Another tip I remembered from the past was to use the make -s option to avoid screen output. Depending on the operating system and whether you are logged in locally or remotely, this can be a big win. On my system, this got lost in the noise a bit, but it appeared to make a small difference over many runs.

  • make install SHELL=/bin/bash -s — 10.511 s
  • make install SHELL=/bin/dash -s — 6.146 s
Do add this to your arsenal anyway if you want to get maximum performance.

Next, let's replace the install-sh script that does the actual file copying. For obscure reasons, PostgreSQL always uses that shell script, instead of the /usr/bin/install program that an Autoconf-based build system would normally use. But you can override the make variables and sustitute the program you want:

  • make install SHELL=/bin/bash INSTALL=install — 5.418 s
  • make install SHELL=/bin/dash INSTALL=install — 3.995 s
Interestingly, the choice of shell still makes a noticeable difference, even though it's no longer used to execute install-sh.
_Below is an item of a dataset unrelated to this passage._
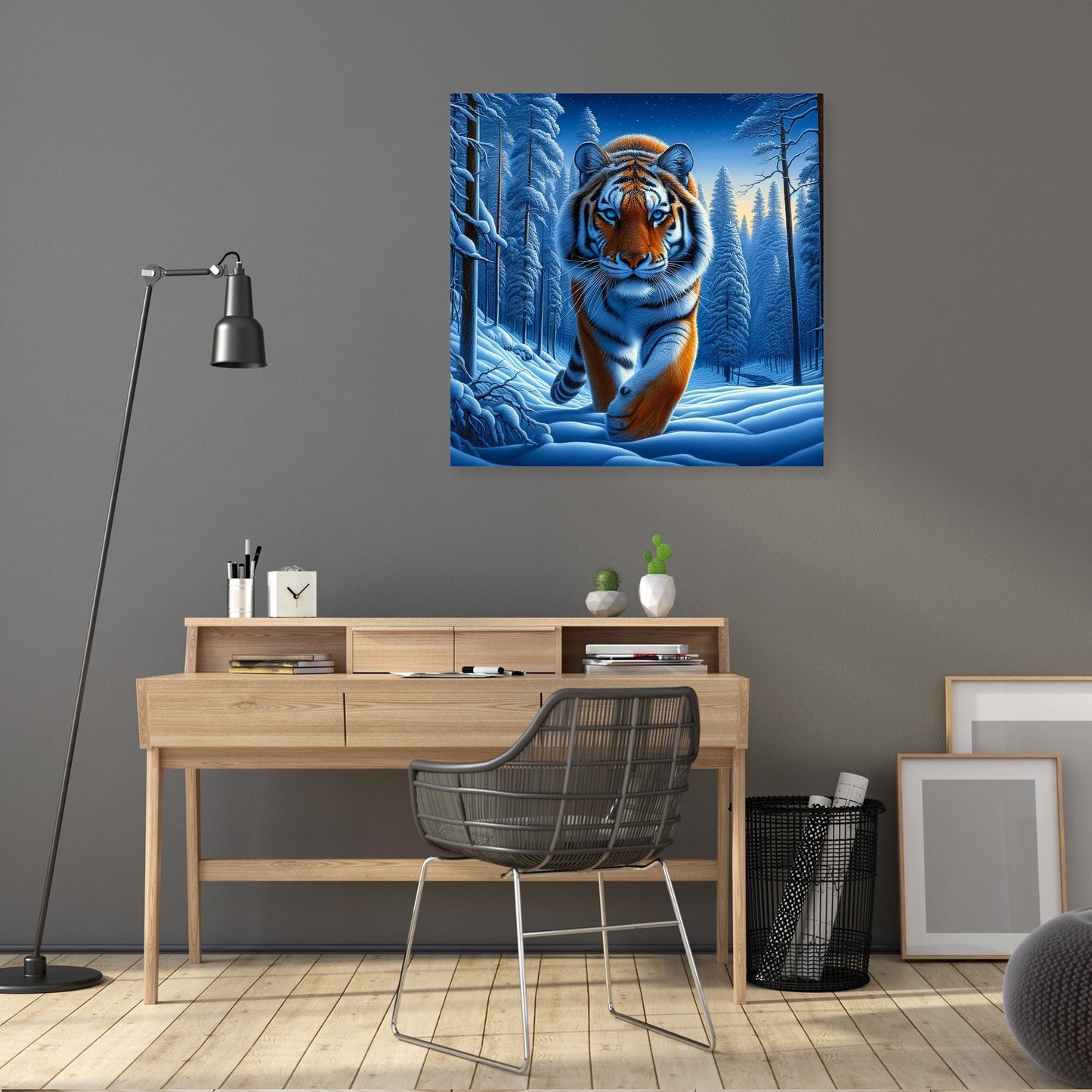 Siberian Solitude Canvas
Finally, you can also use parallel make for the installation step:

  • make install SHELL=/bin/bash -j2 — 6.538 s
  • make install SHELL=/bin/dash -j2 — 4.158 s
You can gather from these numbers that the installation process appears to be mostly CPU-bound. This system has 4 cores, so let's add some more parallelization:
  • make install SHELL=/bin/dash -j3 — 3.330 s
  • make install SHELL=/bin/dash -j4 — 2.944 s
  • make install SHELL=/bin/dash -j5 — 2.930 s
  • make install SHELL=/bin/dash -j6 — 2.952 s
That's probably enough.

Now let's put everything together:

  • make install SHELL=/bin/dash enable_nls=no INSTALL=install -s -j4 — 1.708 s
Or even:
  • make install SHELL=/bin/dash enable_nls=no INSTALL=install -s -j3 — 1.654 s
That's a very nice improvement from 10.493 s!

The problem is, it is not all that easy to pass these options to the make install calls made in make check runs. If you can and want to change your system shell, and you configure without NLS support, then you will probably already be more than half way there. Then again, I suspect most readers already have that setup anyway. For the other options, to take down the installation time to almost instantaneous, you have to do ad hoc surgery in various places. I'm looking into improving that.